Claiming Social Security as soon as you're eligible might seem smart when you turn 62 and you're facing a cash-strapped retirement. Why not start putting a monthly check from the government to use? After all, it's your money that you've paid into the program all your working life.

The problem is, if you claim benefits before reaching your full retirement age (FRA), you'll see a reduction in benefits that applies to the checks you'll receive for the rest of your life. Depending on how early you claimed, your Social Security income could be up to 30% below what the amount could have been had you waited until your FRA. And the longer you're able to wait even past your FRA, the more delayed retirement credits you'll rack up, until the bonus maxes out at 70. All this waiting translates into bigger Social Security checks when you do start claiming them.

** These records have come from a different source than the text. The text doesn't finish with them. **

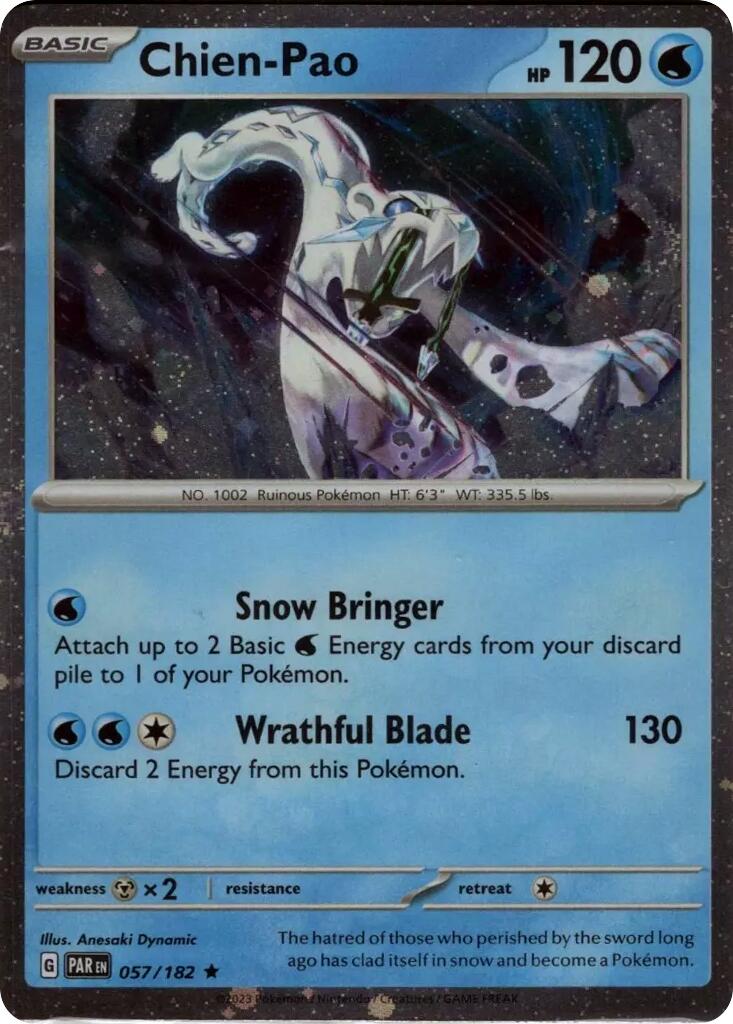 Chien-Pao (057/182) (Cosmos Holo) [Scarlet & Violet: Paradox Rift] | Clutch Gaming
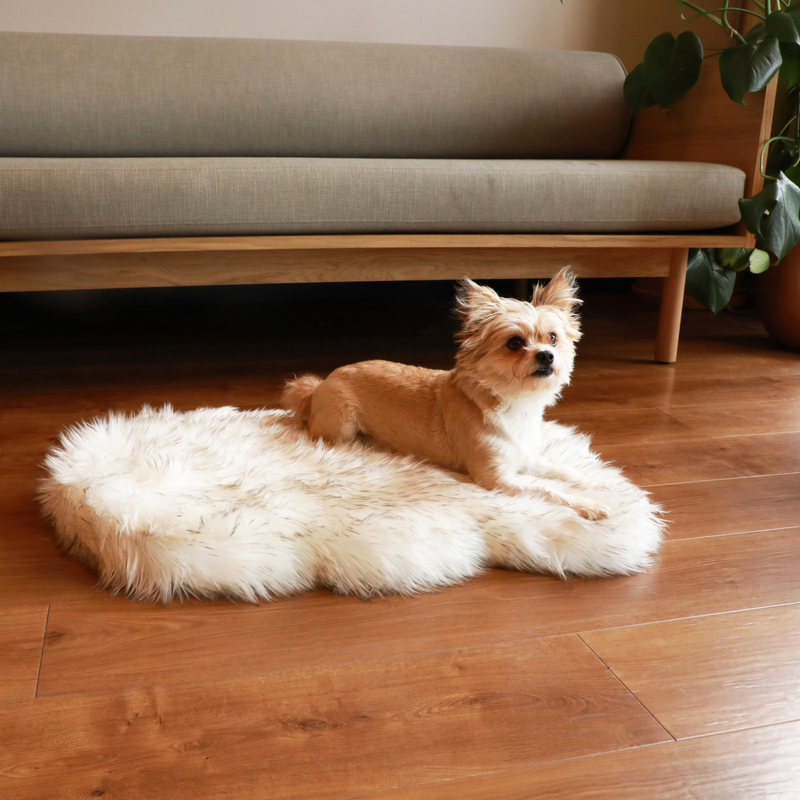 Load image into Gallery viewer, PupRug by Paw.com® Faux Fur Orthopedic Dog Bed - Curve White with Brown Accents
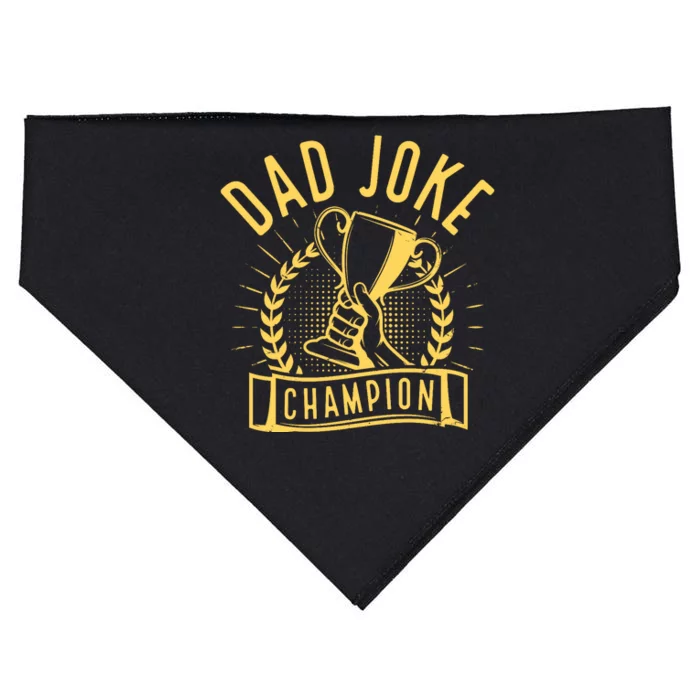 Dad Joke Champion Funny Fathers Day Gift USA-Made Doggie Bandana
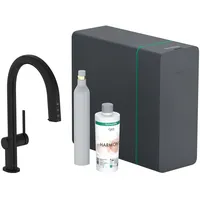 Hansgrohe Aqittura M91 SodaSystem 210, Ausziehauslauf, 1jet, sBox lite, ausziehbar, schwenkbar, 76839670,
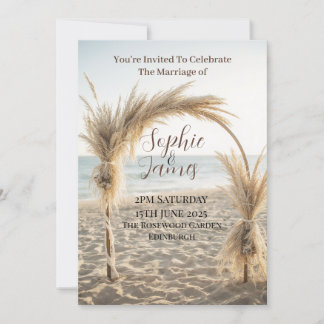 Convite de Casamento com Arco de Grama Pampas Boho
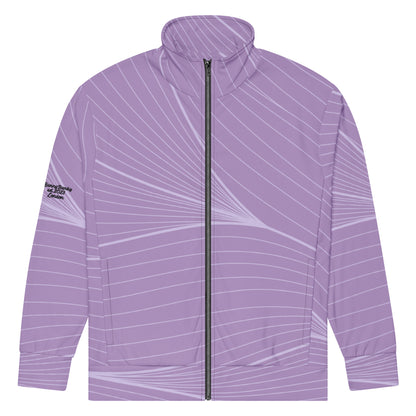 The Roma Track Jacket, showing the lightweight fit and the vibrant lilac graphic print 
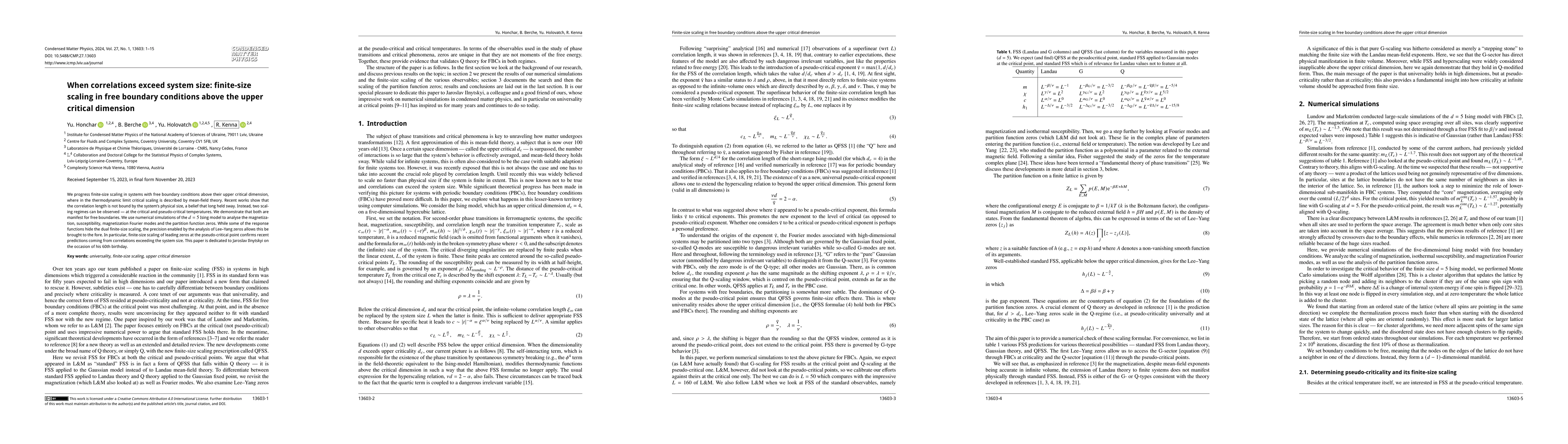Thumbnail for When correlations exceed system size: finite-size scaling in free
  boundary conditions above the upper critical dimension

So what happens if you discover you claimed Social Security too early and you'd rather wait to get more benefits later? The good news is, you have a few options. 

Social security card sitting on top of money

Image source: Getty Images.

1. You could withdraw your claim.

If it has been less than a year since you started claiming your Social Security benefits, it's not too late to simply hit the reset button and undo your claim by filing a Form SSA-521. If you do, it'll be as if you never claimed at all. 

Unfortunately, there's a catch. You do have to pay back the benefits you already received in order to withdraw your claim. Depending on how long you've been receiving benefits and how much you've already been paid, this could mean coming up with several thousand dollars to give back to the Social Security Administration (SSA).

Still, if you're able to find the money and you're within the year limit, withdrawing your claim is the simplest way to restore your ability to increase Social Security income by waiting to claim benefits. 

2. You could go back to work.

Another way to recoup some of the benefits you've lost by claiming early is to return to the workforce.

If you haven't reached your FRA, going back to work results in a benefit reduction -- provided you earn a certain amount of annual income. For 2019, your benefits are reduced by $1 for each $2 that you earn in excess of $17,640.  

If you can earn enough money, you can have your benefits reduced substantially -- or potentially reduced all the way down to $0. You're credited for the reduction in benefits, so your Social Security checks will be bigger later.

Earning extra money now can also allow you to put more money into retirement savings, which will boost your retirement income from investments. Any turbocharge you can give your portfolio will help offset the benefit reduction from claiming Social Security prematurely.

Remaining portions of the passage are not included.